TASK | From the listing that follows, reproduce only the lines from the one holding "GSL9159 Texas License Plate" through the one holding "Ningrum - HANASUI", both included, with no pictures.
Top of PROVIDED ENTRIES
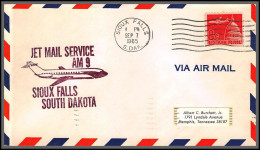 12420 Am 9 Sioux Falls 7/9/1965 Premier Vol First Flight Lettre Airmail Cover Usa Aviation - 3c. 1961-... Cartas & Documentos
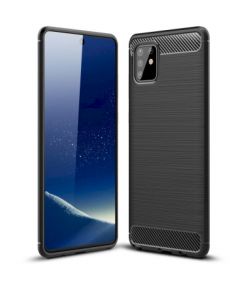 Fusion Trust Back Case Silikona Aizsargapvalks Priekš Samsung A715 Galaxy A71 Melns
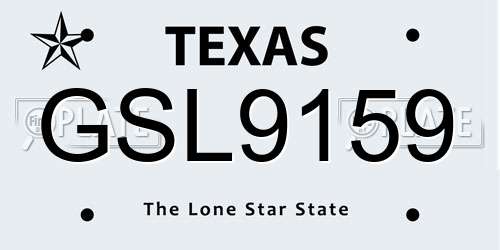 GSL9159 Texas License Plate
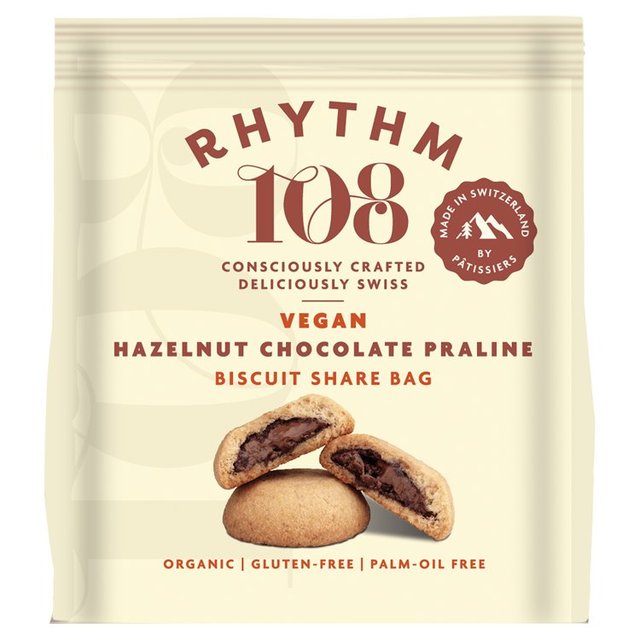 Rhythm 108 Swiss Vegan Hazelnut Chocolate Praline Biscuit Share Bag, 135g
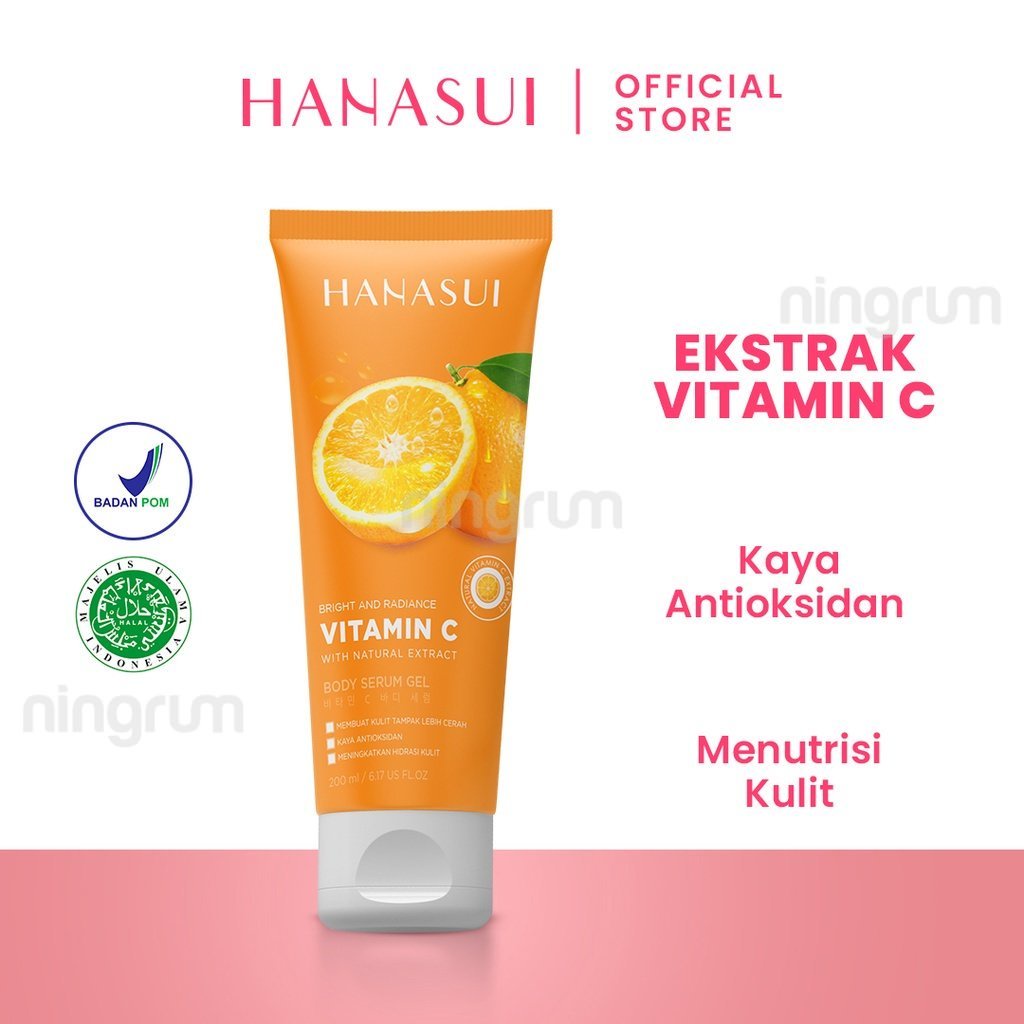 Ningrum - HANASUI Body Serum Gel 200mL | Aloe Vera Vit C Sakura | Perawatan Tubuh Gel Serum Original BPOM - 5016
Bottom of PROVIDED ENTRIES
Top of PROVIDED ENTRIES
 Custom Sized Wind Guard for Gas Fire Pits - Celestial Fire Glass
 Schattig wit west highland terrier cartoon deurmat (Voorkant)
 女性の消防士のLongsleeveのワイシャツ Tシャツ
Bottom of PROVIDED ENTRIES
Top of PROVIDED ENTRIES
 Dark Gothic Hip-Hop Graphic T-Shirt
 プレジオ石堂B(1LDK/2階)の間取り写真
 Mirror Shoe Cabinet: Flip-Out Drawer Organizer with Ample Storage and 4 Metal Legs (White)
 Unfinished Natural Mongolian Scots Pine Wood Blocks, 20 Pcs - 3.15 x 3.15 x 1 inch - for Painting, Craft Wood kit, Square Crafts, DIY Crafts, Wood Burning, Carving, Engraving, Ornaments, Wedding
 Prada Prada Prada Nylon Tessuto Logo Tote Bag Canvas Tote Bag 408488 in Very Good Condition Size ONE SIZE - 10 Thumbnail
Bottom of PROVIDED ENTRIES
OUTPUT OF THE TASK |
 GSL9159 Texas License Plate
 Rhythm 108 Swiss Vegan Hazelnut Chocolate Praline Biscuit Share Bag, 135g
 Ningrum - HANASUI Body Serum Gel 200mL | Aloe Vera Vit C Sakura | Perawatan Tubuh Gel Serum Original BPOM - 5016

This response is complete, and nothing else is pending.